── TASK MATERIAL

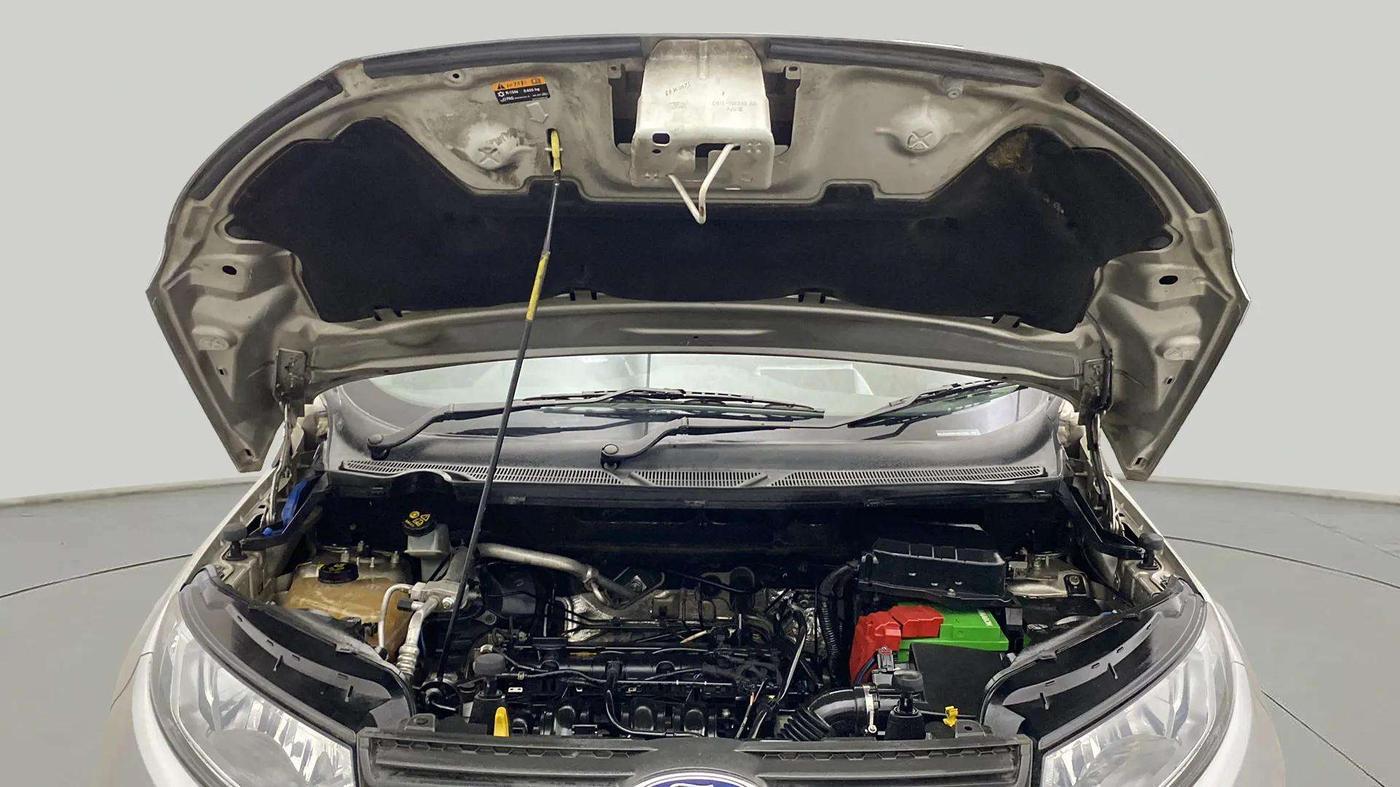 2014 Ford Ecosport TREND 1.5L PETROL, Petrol, Manual, 78,399 km, Open Bonet
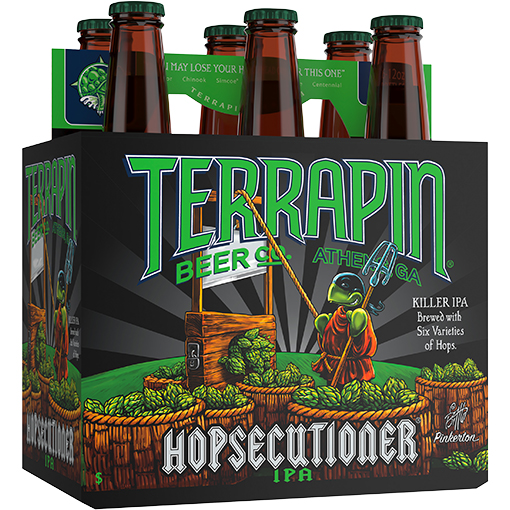 Terrapin Hopsecutioner IPA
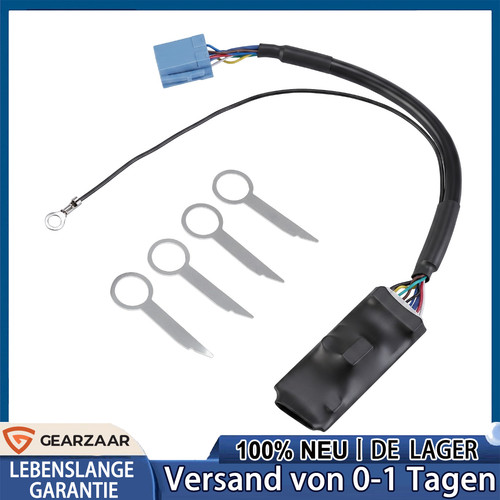 Adattatore bluetooth per - per, vw
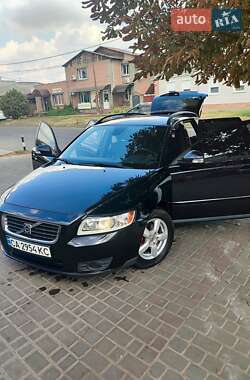 Универсал Volvo V50 2009 в Золотоноше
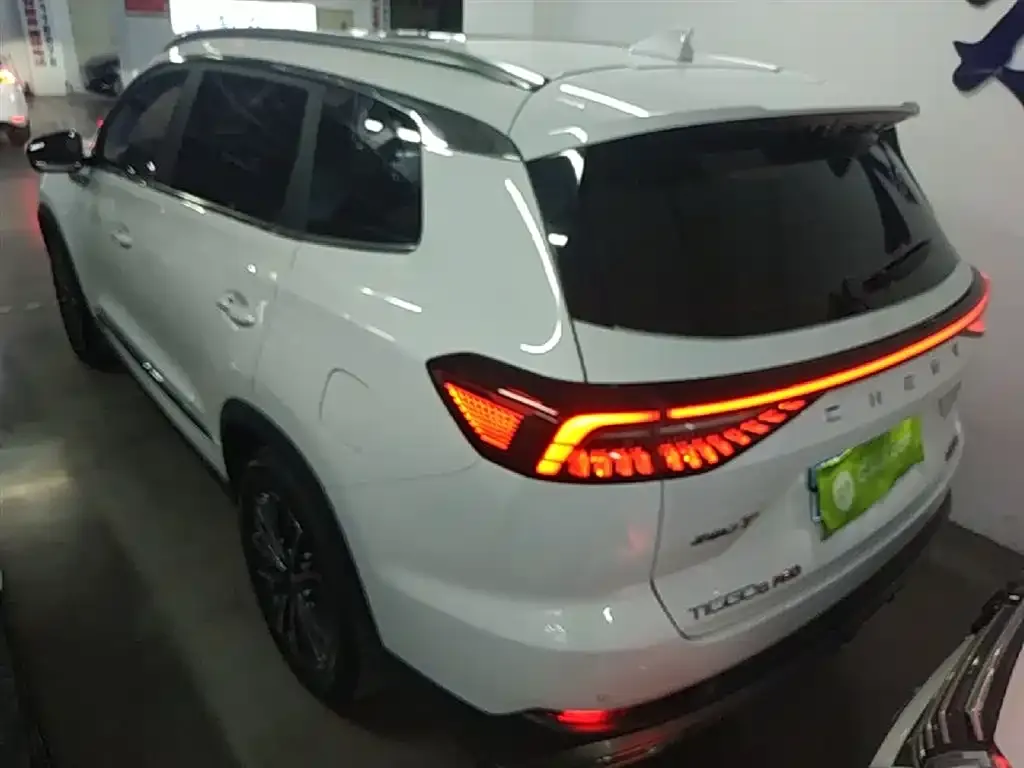 Chery Tiggo 8 PRO — фото 2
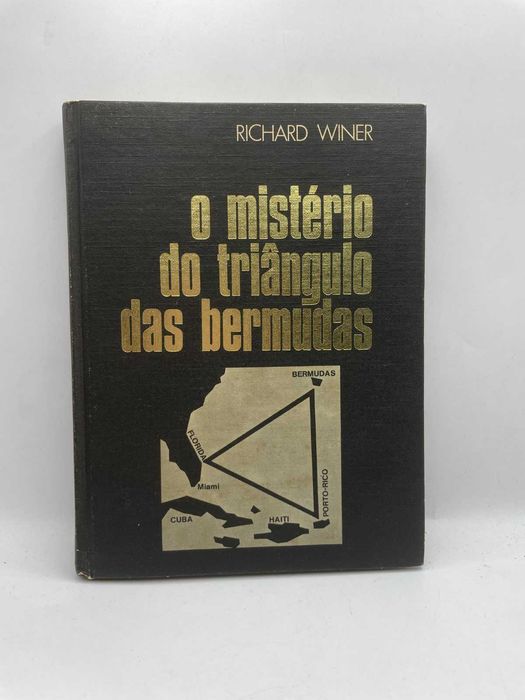 Livro-Ref:Part-3- O mistério do triângulo das bermudas- Richard Winer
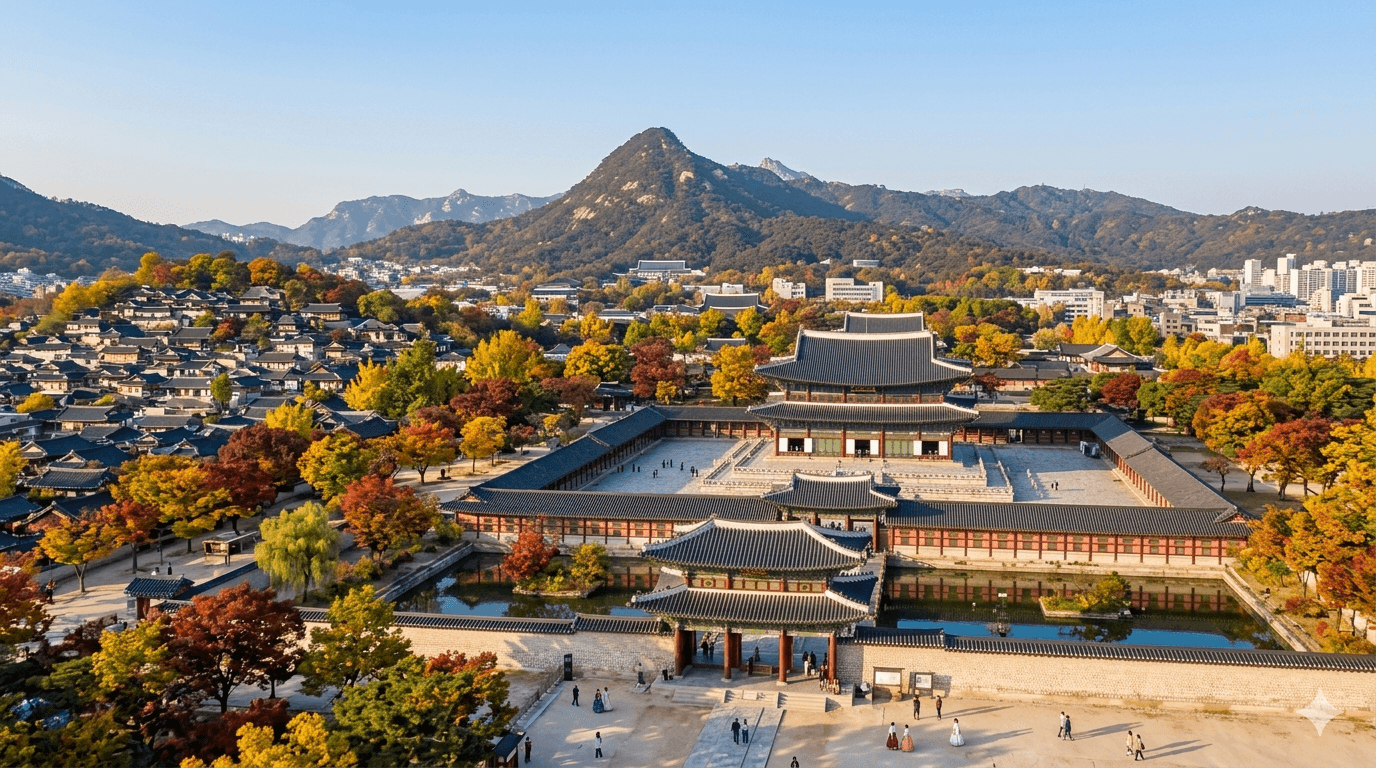 韩国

────

- [ACTIVITY]
Please transcribe every record above exactly as written, leaving out the pictures.

- [TASK SOLUTION]
 2014 Ford Ecosport TREND 1.5L PETROL, Petrol, Manual, 78,399 km, Open Bonet
 Terrapin Hopsecutioner IPA
 Adattatore bluetooth per - per, vw
 Универсал Volvo V50 2009 в Золотоноше
 Chery Tiggo 8 PRO — фото 2
 Livro-Ref:Part-3- O mistério do triângulo das bermudas- Richard Winer
 韩国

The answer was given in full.